:: Task material

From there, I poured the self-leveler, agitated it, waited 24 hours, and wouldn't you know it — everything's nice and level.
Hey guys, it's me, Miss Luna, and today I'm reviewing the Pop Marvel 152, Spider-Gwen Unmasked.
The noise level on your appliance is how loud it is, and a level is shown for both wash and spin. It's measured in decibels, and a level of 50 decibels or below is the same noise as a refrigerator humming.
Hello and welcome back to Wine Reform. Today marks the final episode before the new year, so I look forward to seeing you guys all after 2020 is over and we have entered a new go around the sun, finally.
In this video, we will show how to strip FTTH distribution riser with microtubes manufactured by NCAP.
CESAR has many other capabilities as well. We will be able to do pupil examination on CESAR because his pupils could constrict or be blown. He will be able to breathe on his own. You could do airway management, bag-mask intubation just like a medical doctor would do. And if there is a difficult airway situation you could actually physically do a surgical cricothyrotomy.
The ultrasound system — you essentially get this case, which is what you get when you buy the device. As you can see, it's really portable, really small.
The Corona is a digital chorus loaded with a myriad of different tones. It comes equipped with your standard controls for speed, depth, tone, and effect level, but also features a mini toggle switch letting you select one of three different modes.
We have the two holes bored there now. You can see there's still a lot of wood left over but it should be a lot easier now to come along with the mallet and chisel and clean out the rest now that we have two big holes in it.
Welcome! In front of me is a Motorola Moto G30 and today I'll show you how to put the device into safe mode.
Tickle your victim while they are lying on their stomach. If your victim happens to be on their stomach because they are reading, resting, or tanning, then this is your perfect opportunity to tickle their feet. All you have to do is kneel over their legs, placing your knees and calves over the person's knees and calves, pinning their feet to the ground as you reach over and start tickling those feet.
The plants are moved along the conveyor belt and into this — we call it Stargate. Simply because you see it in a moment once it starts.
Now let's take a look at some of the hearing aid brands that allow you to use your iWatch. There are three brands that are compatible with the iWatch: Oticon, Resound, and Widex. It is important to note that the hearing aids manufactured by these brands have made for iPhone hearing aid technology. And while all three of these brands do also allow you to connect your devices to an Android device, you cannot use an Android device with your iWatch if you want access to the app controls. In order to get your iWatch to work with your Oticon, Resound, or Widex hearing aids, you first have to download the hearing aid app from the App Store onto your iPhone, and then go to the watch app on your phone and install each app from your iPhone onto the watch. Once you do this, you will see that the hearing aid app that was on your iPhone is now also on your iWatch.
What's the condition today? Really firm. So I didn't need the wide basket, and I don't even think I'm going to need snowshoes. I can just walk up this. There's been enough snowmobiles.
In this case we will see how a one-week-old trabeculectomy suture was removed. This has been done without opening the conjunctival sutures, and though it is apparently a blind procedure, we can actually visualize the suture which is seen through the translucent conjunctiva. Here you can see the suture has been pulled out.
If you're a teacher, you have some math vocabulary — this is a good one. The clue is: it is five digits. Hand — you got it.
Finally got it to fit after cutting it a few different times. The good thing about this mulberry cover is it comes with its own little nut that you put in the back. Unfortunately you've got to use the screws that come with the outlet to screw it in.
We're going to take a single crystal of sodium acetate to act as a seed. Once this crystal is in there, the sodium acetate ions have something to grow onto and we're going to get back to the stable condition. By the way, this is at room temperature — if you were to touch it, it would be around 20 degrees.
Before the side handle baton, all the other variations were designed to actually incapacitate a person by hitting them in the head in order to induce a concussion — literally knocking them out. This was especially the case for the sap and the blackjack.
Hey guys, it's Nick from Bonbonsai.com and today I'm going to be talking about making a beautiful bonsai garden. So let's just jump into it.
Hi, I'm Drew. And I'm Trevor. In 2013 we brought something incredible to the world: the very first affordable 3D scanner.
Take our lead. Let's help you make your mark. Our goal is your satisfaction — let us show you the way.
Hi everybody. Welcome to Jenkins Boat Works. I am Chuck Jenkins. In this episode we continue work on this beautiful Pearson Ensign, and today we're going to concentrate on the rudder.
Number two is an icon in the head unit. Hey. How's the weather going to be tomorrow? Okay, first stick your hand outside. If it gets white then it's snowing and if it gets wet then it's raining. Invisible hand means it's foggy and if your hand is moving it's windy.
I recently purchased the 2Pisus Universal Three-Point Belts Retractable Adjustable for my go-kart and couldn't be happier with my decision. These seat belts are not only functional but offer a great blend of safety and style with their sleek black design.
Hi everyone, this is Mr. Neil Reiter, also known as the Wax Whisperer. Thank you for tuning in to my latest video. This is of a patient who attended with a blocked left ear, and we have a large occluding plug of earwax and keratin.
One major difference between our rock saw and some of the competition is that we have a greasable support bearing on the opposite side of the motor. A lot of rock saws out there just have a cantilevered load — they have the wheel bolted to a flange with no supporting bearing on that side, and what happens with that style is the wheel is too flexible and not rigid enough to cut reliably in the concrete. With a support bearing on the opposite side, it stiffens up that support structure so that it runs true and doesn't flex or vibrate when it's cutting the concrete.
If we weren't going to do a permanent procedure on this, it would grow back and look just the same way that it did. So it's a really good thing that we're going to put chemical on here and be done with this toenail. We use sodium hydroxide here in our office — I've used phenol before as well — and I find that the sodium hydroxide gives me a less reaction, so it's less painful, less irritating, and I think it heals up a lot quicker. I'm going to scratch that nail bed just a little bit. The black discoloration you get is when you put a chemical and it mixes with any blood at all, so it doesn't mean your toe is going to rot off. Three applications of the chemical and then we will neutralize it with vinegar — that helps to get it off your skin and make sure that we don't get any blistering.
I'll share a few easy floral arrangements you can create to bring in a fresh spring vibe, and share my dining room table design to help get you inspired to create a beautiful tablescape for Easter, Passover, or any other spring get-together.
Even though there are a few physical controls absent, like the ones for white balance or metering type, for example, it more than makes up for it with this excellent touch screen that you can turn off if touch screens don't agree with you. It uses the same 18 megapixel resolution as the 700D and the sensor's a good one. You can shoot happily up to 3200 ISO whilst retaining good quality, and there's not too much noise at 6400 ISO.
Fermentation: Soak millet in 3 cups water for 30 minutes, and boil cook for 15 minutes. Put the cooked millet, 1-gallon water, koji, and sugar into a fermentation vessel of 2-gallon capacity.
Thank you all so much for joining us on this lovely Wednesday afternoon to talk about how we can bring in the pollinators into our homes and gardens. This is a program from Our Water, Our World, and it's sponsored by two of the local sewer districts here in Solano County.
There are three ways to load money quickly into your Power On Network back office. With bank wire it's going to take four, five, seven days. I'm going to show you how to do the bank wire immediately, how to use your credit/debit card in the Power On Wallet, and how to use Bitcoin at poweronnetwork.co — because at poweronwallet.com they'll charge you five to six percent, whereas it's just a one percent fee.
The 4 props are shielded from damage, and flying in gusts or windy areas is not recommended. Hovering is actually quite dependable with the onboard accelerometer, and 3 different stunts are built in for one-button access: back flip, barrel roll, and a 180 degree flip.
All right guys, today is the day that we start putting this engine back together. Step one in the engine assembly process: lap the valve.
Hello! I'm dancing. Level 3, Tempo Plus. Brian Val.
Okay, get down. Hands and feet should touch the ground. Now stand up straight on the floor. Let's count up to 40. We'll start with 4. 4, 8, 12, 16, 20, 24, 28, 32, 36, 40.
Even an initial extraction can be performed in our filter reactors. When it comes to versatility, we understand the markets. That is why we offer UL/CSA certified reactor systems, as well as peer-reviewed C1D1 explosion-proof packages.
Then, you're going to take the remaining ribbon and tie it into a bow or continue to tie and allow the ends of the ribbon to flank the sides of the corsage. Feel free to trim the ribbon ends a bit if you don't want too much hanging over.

::::

• Your assignment: Lines from the top of the data above through the line containing "Hey guys, it's me, Miss" must be repeated exactly. All other lines stay out.

• Solved exercise:
From there, I poured the self-leveler, agitated it, waited 24 hours, and wouldn't you know it — everything's nice and level.
Hey guys, it's me, Miss Luna, and today I'm reviewing the Pop Marvel 152, Spider-Gwen Unmasked.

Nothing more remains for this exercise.